Nichtstun ist hauptsächlich eine Angelegenheit der Angestellten, denn sie haben ja ein festes Gehalt. Es wird gewissermaßen als eine Selbstverständlichkeit angesehen, daß jemand, der ein festes Gehalt bezieht, dafür nichts leistet. Deshalb werden die Gehälter vom Staat wahrscheinlich auch so unglaublich niedrig angesetzt.

Es gibt Millionen von Sowjetbürgern, die im Monat nur zwischen 70 und 80 Rubel verdienen (zum Vergleich: ein Paar Damenstiefel österreichischer Erzeugnung kostete in diesem Frühjahr 95 Rubel). Und so betrachten es diese Menschen als ihr gutes Recht, überhaupt nichts oder nur das Notwendigste zu tun. Man sagt, daß es in Zentralrußland üblich sei, die ersten drei Tage nach der Gehaltszahlung überhaupt nicht zur Arbeit zu gehen.

Wo die Gelegenheit, etwas zu stehlen, da ist, wird die zweite Form der Sabotage praktiziert. Der Staat ist offensichtlich davon überzeugt, daß ein Verkäufer, dem er nur 70 Rubel zahlt, das zum Durchschnittsgehalt fehlende Geld durch Betrügen von Kunden von selbst wieder einbringt.

Daß die sowjetischen Fabriken von einem drei Meter hohen Zaun umgeben sind und diese Zäune immer höher und fester werden (heute werden sie schon aus Stahlbeton gebaut), hat seine Gründe: Sie sollen Diebstahl und das Verlassen des Arbeitsplatzes während der Arbeitszeit verhindern. Denn es ist üblich, daß Frauen bis zu zwei Stunden weggehen, um das Notwendigste für den Haushalt zu besorgen, und daß Männer sich außerhalb der Betriebe Wodka besorgen, um ihn vielfach gleich am Arbeitsplatz zu konsumieren.

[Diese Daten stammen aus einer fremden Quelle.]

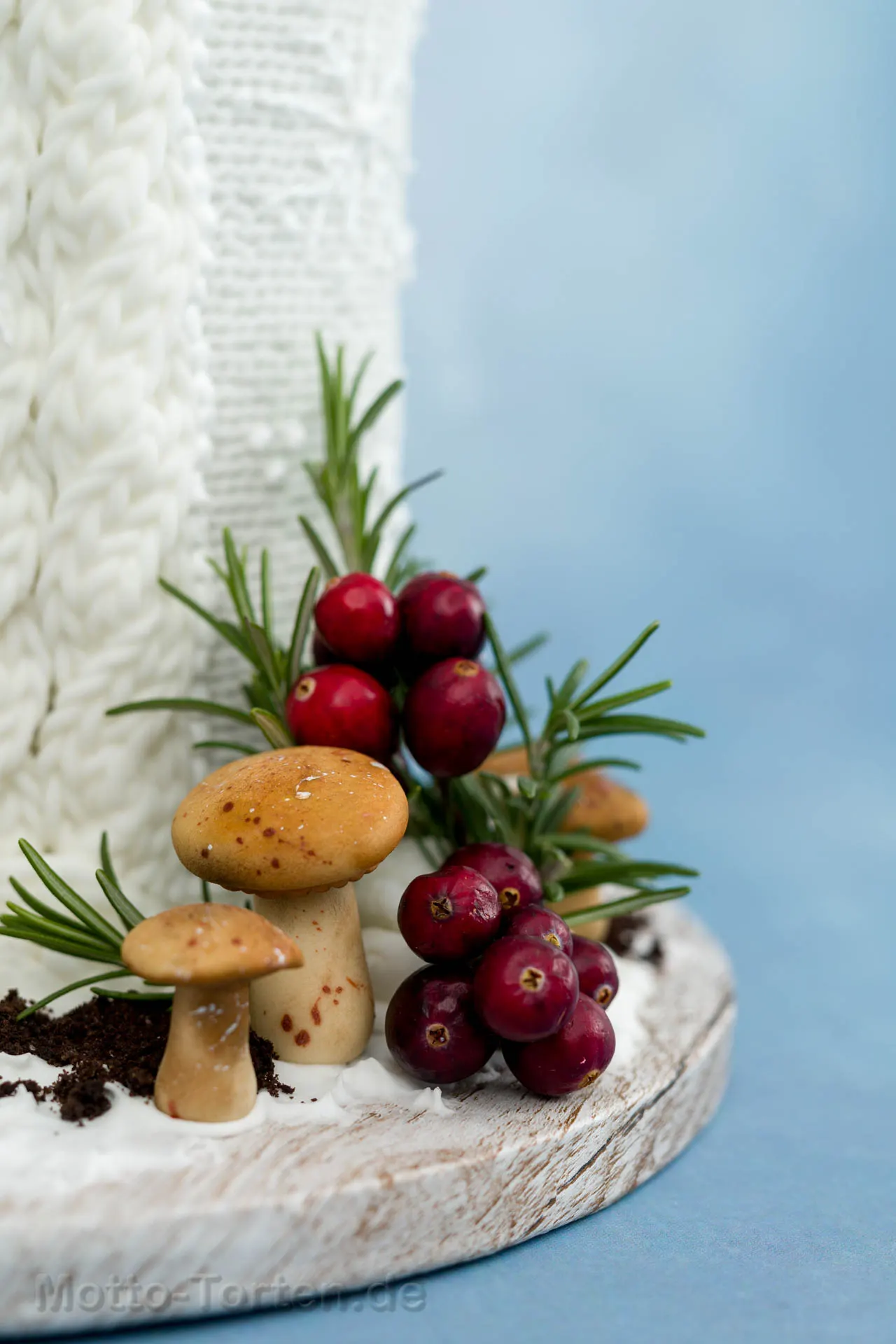 Individuelle Tauftorte – Ansicht 2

Planungsbehörden und Forschungsinstitute sabotieren auf andere Weise: Man spielt Schach, liest Bücher, macht einige Male am Tag Rauchpausen, die oftmals Stunden dauern. Die wichtigste Form der Sabotage in diesen Bereichen bleibt dem Laien allerdings zumeist verborgen: Um das Dreifache an Honoraren herauszuschinden, werden Fristen künstlich in die Länge gezogen. Der Staat ist gezwungen, höhere Honorare zu zahlen, da sonst ein Projekt wegen Verzögerung aufgegeben werden müßte.

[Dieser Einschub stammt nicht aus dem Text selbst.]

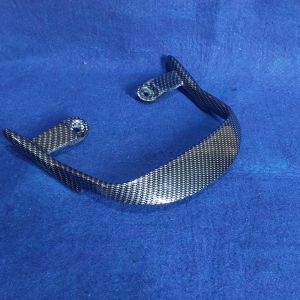 BEHEL BEGEL PEGANGAN JOK BELAKANG SUZUKI SATRIA LUMBA KARBON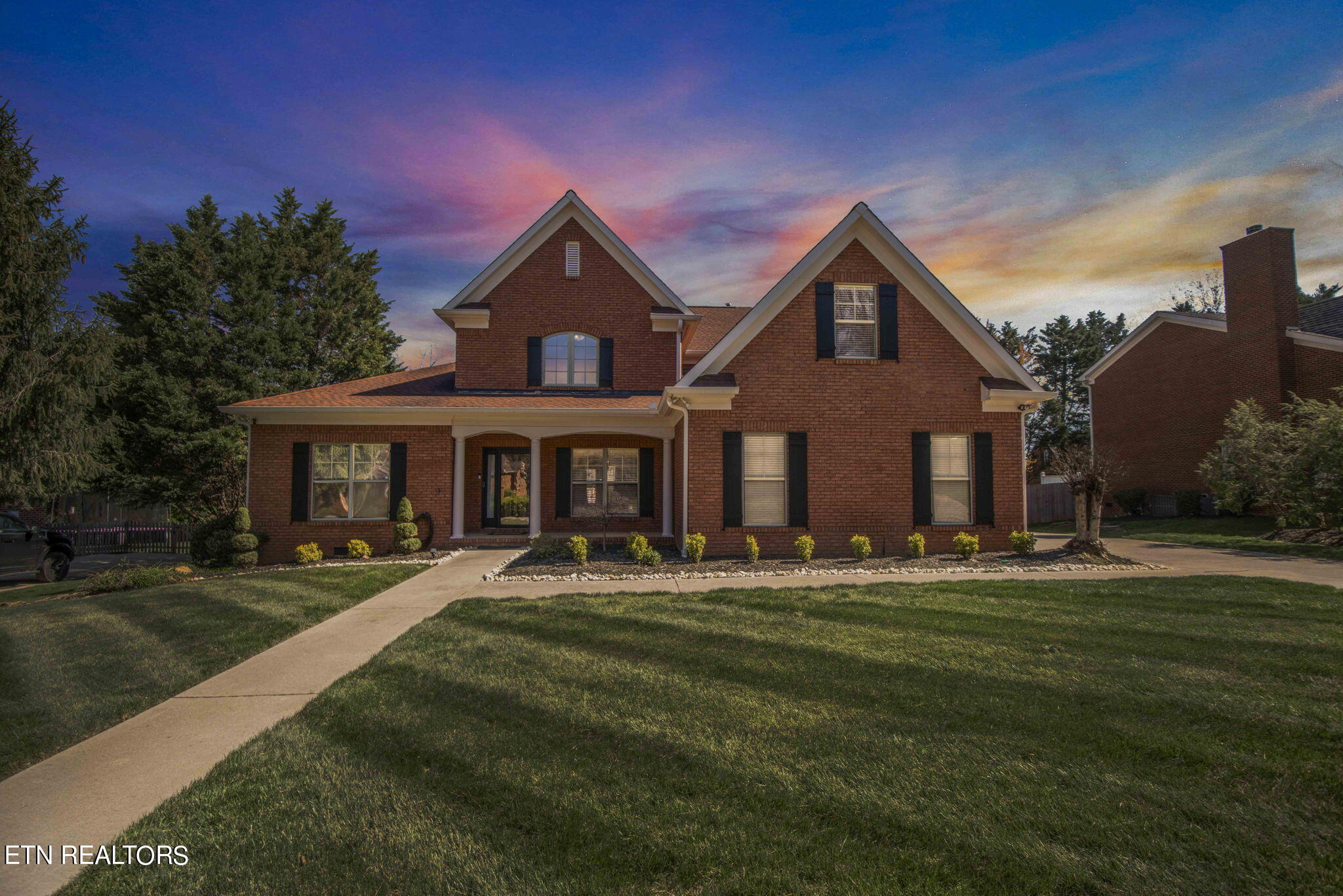 524 Glen Abbey Boulevard Knoxville TN 37934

Forschungsinstitute wählen mit voller Absicht unergiebige oder aussichtslose Themen. Der Staat weiß das zwar genau, kann gegen die gerissenen Wissenschaftler aber nur selten etwas unternehmen. Daher wird versucht, der Sabotage durch verschärfte Disziplin, Zwangsarbeit in Kolchosen und Einfrieren der ohnehin lächerlich niedrigen Gehälter entgegenzuwirken.

Der Schluß liegt nahe, daß der Zynismus und die Apathie der Sowjetgesellschaft der sechziger Jahre die völlig bewußte Sabotage der siebziger Jahre nach sich gezogen hat.

Die wirksamste, wenn auch weniger bewußte Form der Sabotage bleibt freilich der Alkoholismus. Ich besitze keine genauen Angaben. Ich weiß nur, daß etwa ein Drittel des Warenumsatzes innerhalb der Sowjetunion auf Wein und Spirituosen entfällt. Ich weiß auch, daß 1970 in einem Dorf auf Sachalin für jeden Einwohner, also Frauen, Kinder und Greise mitgerechnet, ein Durchschnittskonsum von mehr als einem halben Liter Wodka pro Tag errechnet wurde.

Aber keine noch so exakte Statistik über die Milliarden für Alkohol ausgegebenen Rubel und die Millionen von Alkoholikern kann das Bild realistischer und grauenhafter veranschaulichen als die Hunderten, ja Tausenden Betrunkenen, die auf den Straßen der Städte herumhegen.

1970 sah ich im Zentrum von Moskau eine betrunkene Frau, die in einer Pfütze lag; gleich daneben ein Mann, der auf Händen und Füßen herumkroch - sein Gesicht zerschlagen, eine große Blutlache vor ihm auf dem Asphalt. Ununterbrochen gingen Leute an den beiden vorüber, geholfen hat ihnen jedoch keiner. Als ich Moskauer Freunden von diesem Vorfall erzählte, zuckten sie nur mit den Schultern.

In Kiew hatte ich ähnliches zu jener Zeit niemals gesehen. Als ich aber nach sechs Jahren Lageraufenthalt in die Stadt kam, bot sich dasselbe Bild, und meine Kiewer Freunde zuckten genauso mit den Schultern: „Wenn du jedem Besoffenen helfen willst, bist du ja den ganzen Tag an der Arbeit.“

So oft ich diese Szenen mit Betrunkenen auch sah, daran gewöhnen konnte ich mich nie. Alle wunderten sich über meine „Übersensibiltät“, mich aber erstaunte die Epidemie der Gefühllosigkeit, die sich in der Gesellschaft breitgemacht hatte.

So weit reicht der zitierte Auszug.